--- Assigned task ---
The data below holds a line containing "red plain cotton" and a line containing "Maintenance mode settings"; please quote exactly those two lines and every line between them, and nothing else.

--- Records for the task ---
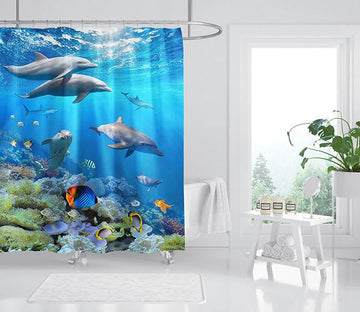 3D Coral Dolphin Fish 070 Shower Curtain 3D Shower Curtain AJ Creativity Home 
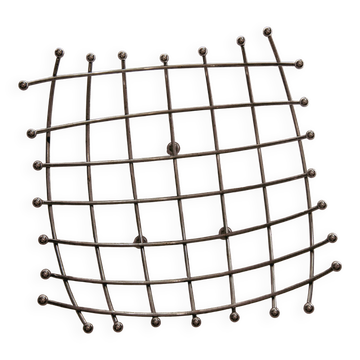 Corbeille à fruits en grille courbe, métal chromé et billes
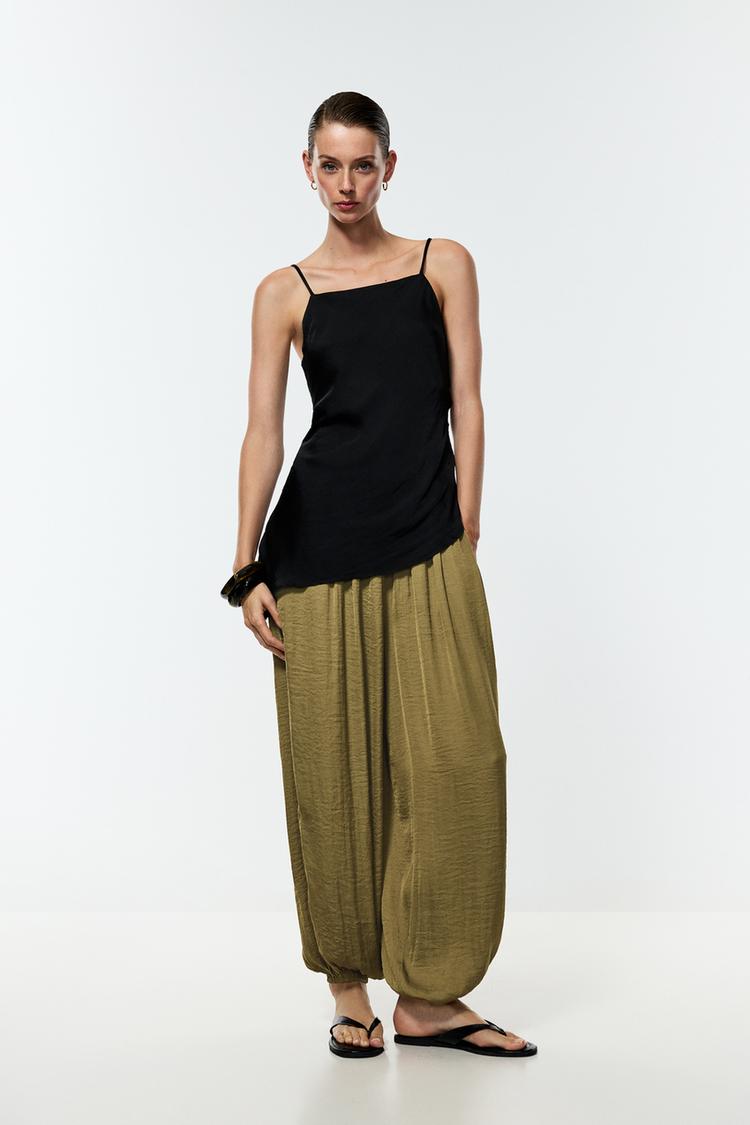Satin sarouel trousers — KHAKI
--
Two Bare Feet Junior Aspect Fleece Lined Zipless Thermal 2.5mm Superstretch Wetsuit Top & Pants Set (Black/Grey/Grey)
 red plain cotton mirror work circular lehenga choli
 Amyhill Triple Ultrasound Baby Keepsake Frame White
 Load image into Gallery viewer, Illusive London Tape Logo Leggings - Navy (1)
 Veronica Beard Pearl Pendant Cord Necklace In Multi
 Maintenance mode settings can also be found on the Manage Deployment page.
---
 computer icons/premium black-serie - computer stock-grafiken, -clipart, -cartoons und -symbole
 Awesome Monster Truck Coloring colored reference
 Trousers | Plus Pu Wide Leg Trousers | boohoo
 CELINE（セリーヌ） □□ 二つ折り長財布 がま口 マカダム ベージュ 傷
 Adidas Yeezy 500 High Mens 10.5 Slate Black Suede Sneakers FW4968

--- Result below ---
 red plain cotton mirror work circular lehenga choli
 Amyhill Triple Ultrasound Baby Keepsake Frame White
 Load image into Gallery viewer, Illusive London Tape Logo Leggings - Navy (1)
 Veronica Beard Pearl Pendant Cord Necklace In Multi
 Maintenance mode settings can also be found on the Manage Deployment page.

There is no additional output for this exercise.